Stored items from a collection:
↓↓↓

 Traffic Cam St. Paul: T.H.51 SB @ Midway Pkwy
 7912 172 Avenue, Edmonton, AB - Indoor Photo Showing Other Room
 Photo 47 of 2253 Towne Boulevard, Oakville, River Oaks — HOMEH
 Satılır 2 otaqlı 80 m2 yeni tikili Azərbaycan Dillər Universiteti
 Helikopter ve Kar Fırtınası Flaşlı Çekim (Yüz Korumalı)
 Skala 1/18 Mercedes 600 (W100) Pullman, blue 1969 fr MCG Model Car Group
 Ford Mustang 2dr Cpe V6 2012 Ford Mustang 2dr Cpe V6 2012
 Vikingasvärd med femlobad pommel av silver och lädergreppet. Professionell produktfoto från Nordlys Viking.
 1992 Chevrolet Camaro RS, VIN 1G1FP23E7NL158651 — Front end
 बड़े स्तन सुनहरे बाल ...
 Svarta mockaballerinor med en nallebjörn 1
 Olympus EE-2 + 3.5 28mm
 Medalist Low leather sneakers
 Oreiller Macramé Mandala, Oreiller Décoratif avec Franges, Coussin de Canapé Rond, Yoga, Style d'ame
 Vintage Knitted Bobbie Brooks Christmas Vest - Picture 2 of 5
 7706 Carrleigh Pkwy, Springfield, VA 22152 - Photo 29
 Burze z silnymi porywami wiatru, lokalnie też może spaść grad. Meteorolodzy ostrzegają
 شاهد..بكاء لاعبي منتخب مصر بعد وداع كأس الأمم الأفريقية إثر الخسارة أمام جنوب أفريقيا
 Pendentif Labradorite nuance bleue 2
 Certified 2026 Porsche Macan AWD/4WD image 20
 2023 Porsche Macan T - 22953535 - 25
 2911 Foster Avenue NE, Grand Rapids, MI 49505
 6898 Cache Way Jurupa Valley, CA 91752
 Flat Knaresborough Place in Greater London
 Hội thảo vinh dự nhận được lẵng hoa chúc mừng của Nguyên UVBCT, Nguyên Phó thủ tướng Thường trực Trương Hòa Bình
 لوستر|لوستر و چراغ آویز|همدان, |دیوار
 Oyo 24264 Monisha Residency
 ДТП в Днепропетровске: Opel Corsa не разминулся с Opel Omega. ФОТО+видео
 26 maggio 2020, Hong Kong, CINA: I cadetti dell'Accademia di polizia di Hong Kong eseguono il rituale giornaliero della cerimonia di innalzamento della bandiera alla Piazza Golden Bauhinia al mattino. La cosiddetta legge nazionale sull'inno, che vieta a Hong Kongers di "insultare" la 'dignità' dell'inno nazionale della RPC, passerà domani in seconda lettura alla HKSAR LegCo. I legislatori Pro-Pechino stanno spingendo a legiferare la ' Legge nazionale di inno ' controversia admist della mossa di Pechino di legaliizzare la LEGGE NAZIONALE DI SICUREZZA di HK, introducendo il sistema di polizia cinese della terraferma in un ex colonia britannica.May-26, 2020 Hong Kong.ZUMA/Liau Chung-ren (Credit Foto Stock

↑↑↑

HOW TO COMPLETE THIS TASK:
Return only those lines of the records that contain the string "Photo".

ANSWER TO THE EXERCISE:
 7912 172 Avenue, Edmonton, AB - Indoor Photo Showing Other Room
 Photo 47 of 2253 Towne Boulevard, Oakville, River Oaks — HOMEH
 7706 Carrleigh Pkwy, Springfield, VA 22152 - Photo 29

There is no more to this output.